## TASK OBJECTIVE
In the entries below, find the line with "Necklace, acrylic /" and the line with "Hedgehog Graphic Tee"; copy them and every line between them exactly, but not the pictures.

## EXERCISE DATA
┄┄┄┄┄┄┄┄┄┄

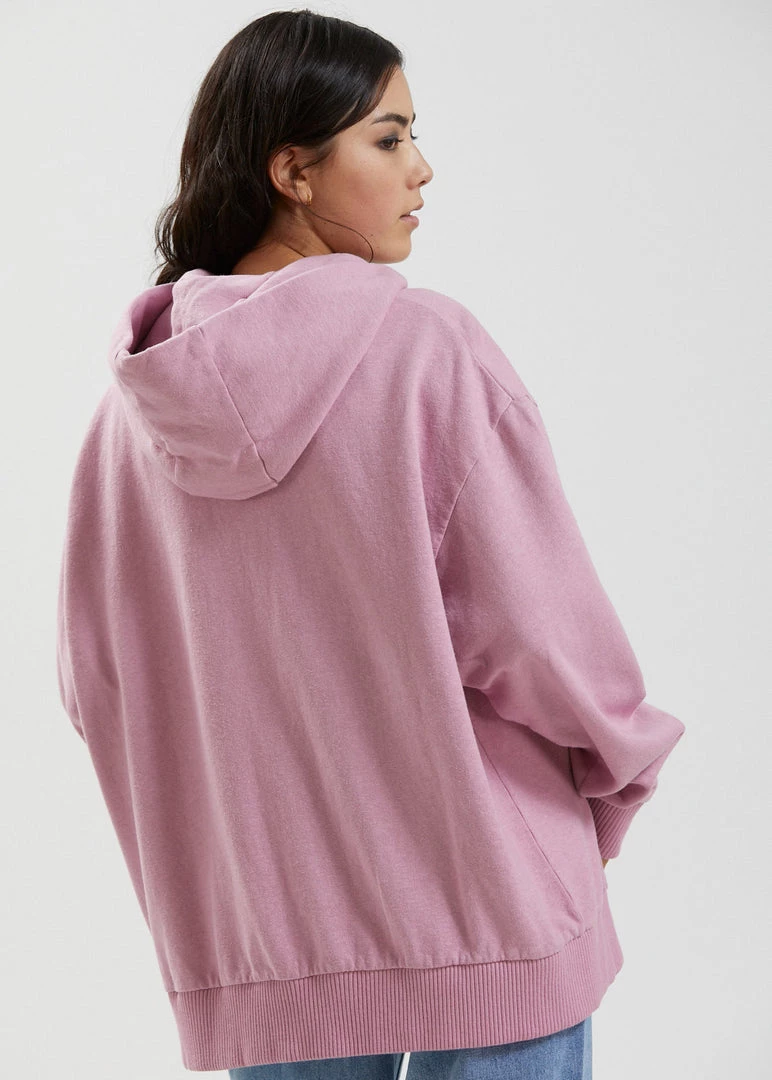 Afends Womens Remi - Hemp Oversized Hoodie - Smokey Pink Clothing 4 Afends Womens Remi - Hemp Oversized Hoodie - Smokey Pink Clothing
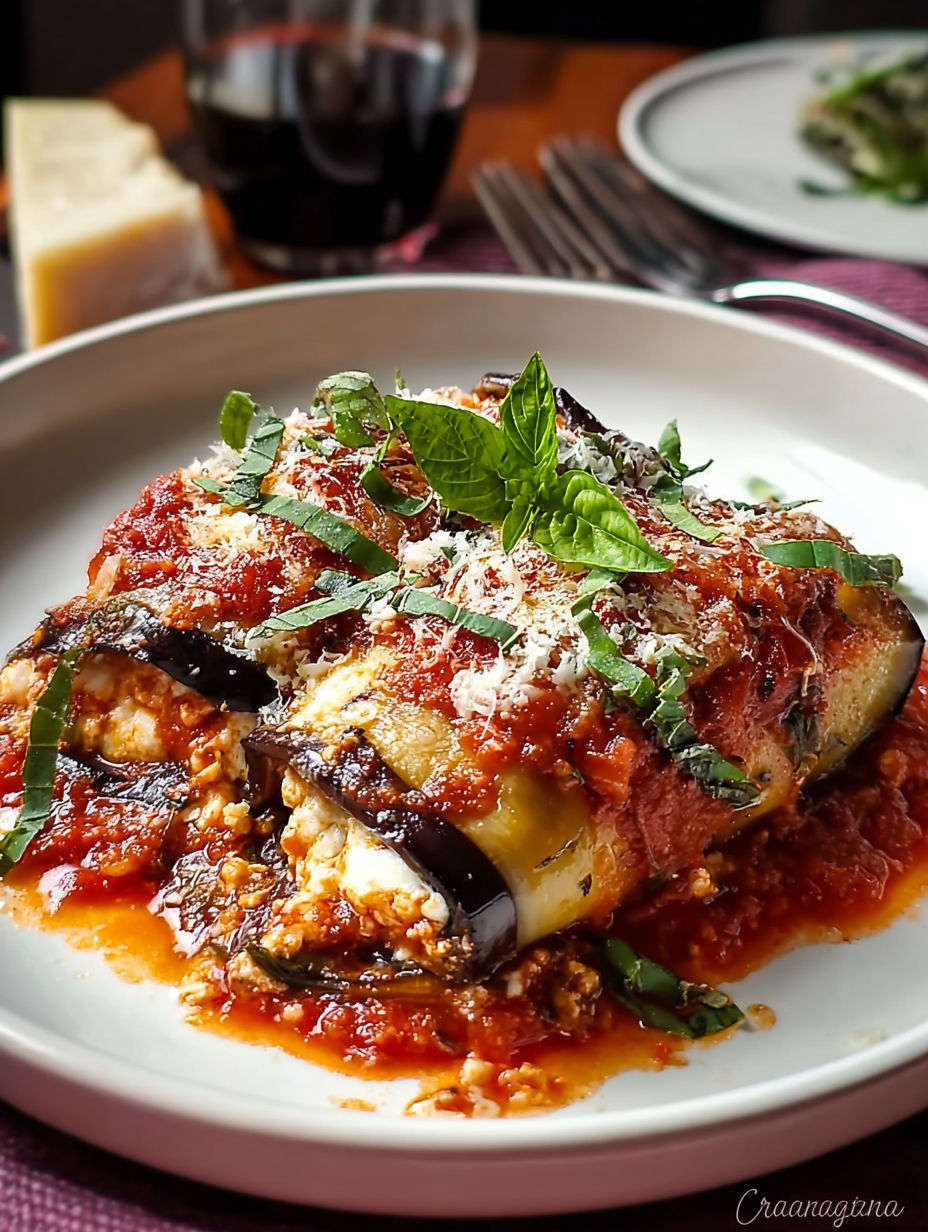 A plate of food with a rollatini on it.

┄┄┄┄┄┄┄┄┄┄

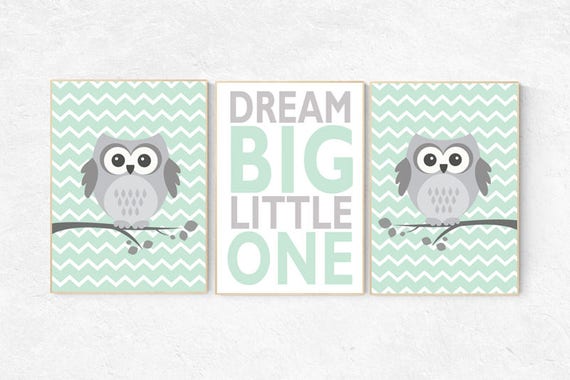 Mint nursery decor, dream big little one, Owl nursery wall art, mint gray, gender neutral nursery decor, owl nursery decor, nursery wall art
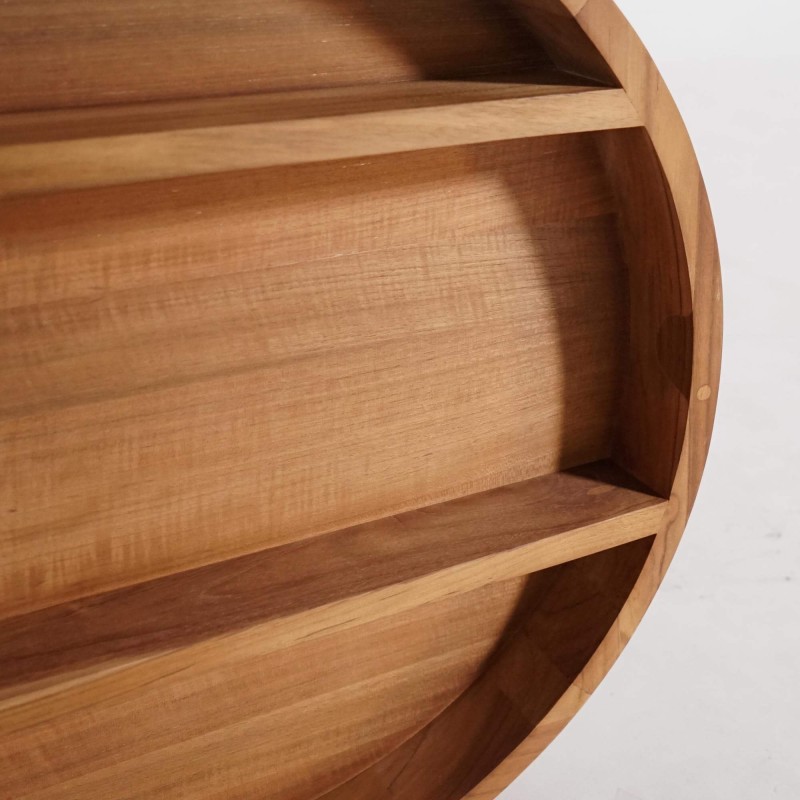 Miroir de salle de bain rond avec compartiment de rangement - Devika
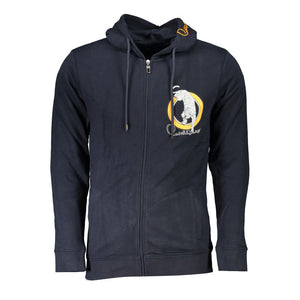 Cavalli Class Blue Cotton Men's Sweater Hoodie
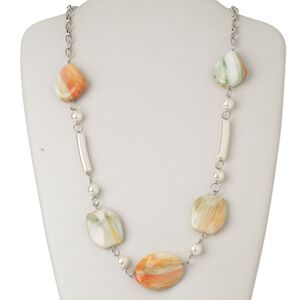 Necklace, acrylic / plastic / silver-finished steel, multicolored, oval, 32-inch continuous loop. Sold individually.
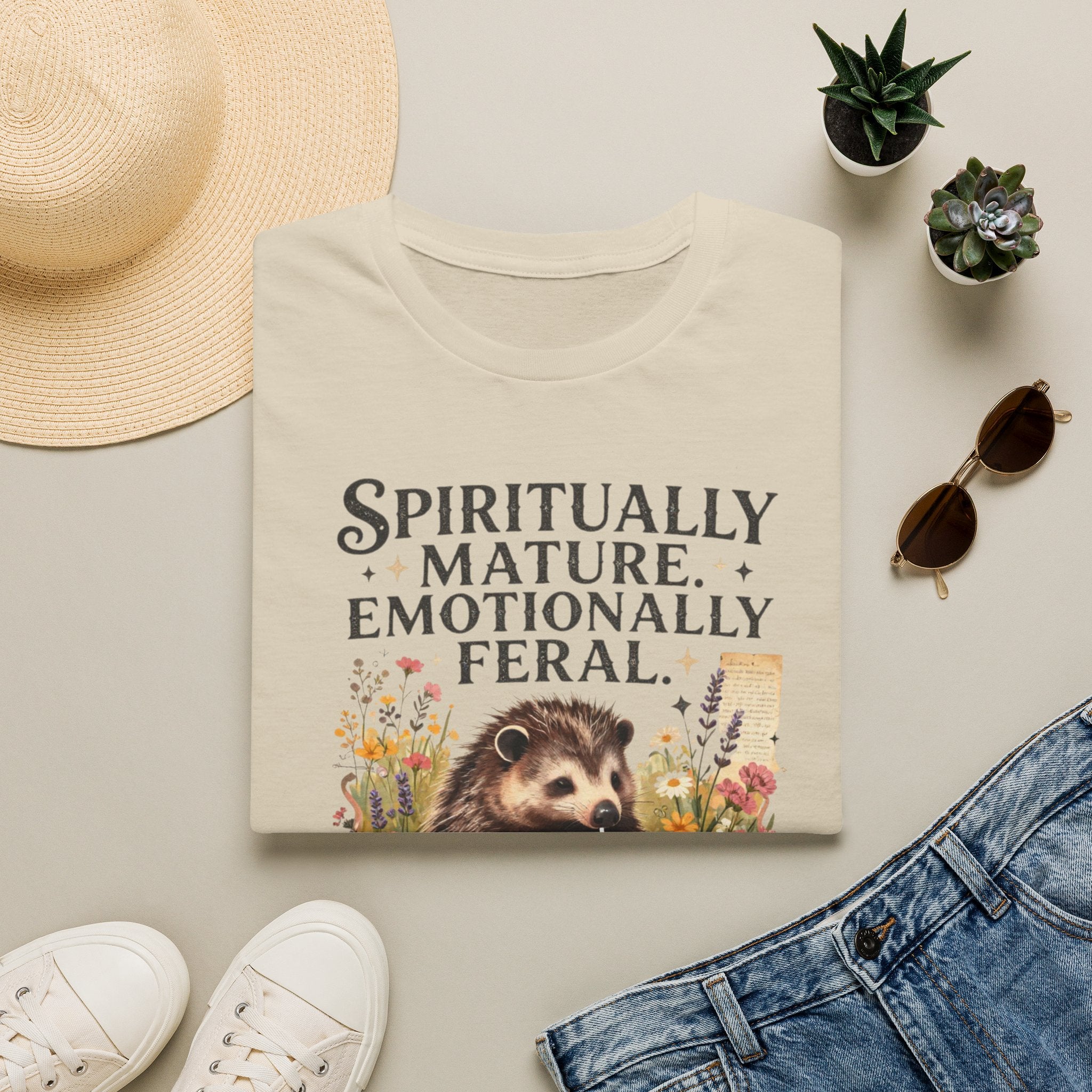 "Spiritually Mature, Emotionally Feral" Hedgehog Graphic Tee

┄┄┄┄┄┄┄┄┄┄

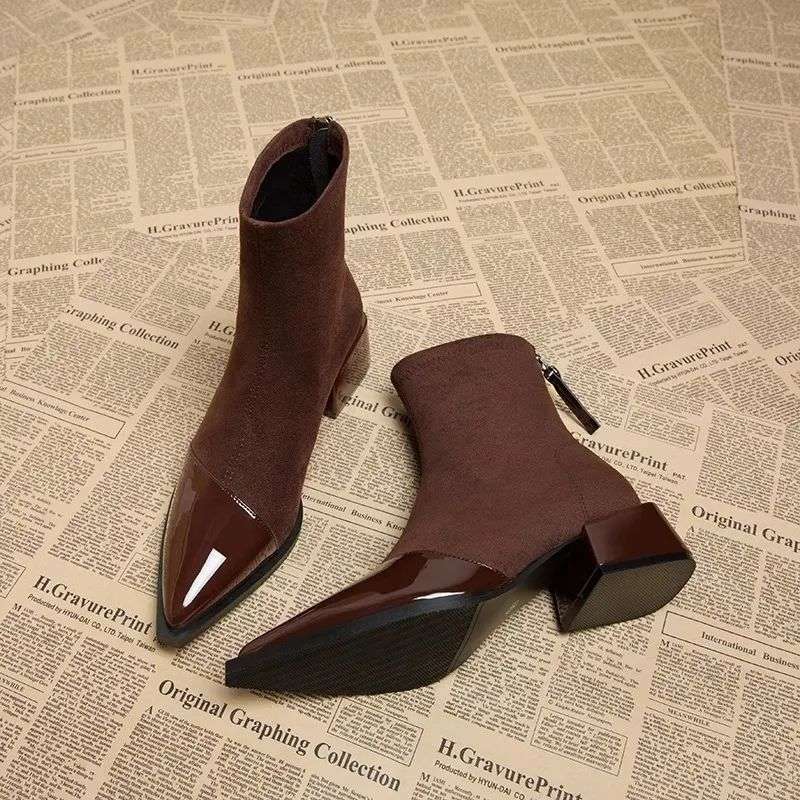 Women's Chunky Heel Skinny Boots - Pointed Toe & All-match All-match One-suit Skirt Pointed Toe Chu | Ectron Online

┄┄┄┄┄┄┄┄┄┄

## PROBLEM SOLUTION
 Necklace, acrylic / plastic / silver-finished steel, multicolored, oval, 32-inch continuous loop. Sold individually.
 "Spiritually Mature, Emotionally Feral" Hedgehog Graphic Tee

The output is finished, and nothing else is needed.